The House notes Your Excellency’s views that the new Government has been handed a fairly good financial position by the old Administration. However, it is fully conscious of the legacy of privation, malnutrition, unemployment and disease which is bequeathed to us by the old order.

We are aware of the pressing needs of the people and agree with Your Excellency that large capital sums will have to be raised for further development for British Guiana. To this end, we will initiate schemes for the re-organisation of the material resources of the county and for raising capital by way of Government loans, both foreign and local.

The House is fully conscious of the roles which private capital is playing and will play in the development of British Guiana. We will take such steps as will encourage and attract private capital for the development of the country and above all, will guarantee that the Government will honour and fulfil all its obligations and undertakings.

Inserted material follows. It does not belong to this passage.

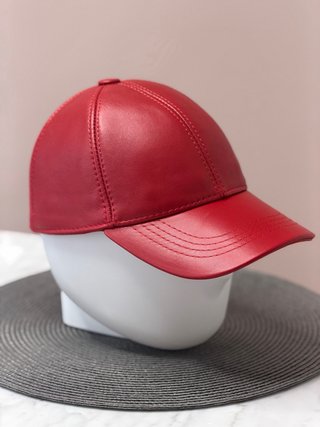 Gorra de Cuero Roja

The House, like Your Excellency, is anxiously awaiting the report if the World Bank Mission which recently visited British Guiana and trusts that the report will provide a comprehensive and acceptable plan as to the direction in which development should proceed as well as the means by which the programme can be financed.

The House notes Your Excellency’s observations on the need for the development of a spirit of co-operation between ‘capital’ and ‘labour’. The relationship of capital and labour must not be based as hitherto on the whims of the capitalist but on the recognised rights of workers to organise and bargain through the trade unions of their own choice and to take and active part in the running of the industries in which they are engaged.

This Assembly notes with satisfaction Your Excellency’s remarks in the encouragement of ‘self-help’ amount the people of the country assisted by Government grants and loans as being one aspect of development which should be energetically pursued. To this end, it will seek to democratize all organisations touching upon the lives of the people. Finally, the House wishes to join Your Excellency in your plea for internal harmony which is indispensable to progress and assures Your Excellency that all measures conducive to the welfare of the people of the Colony will receive its full support.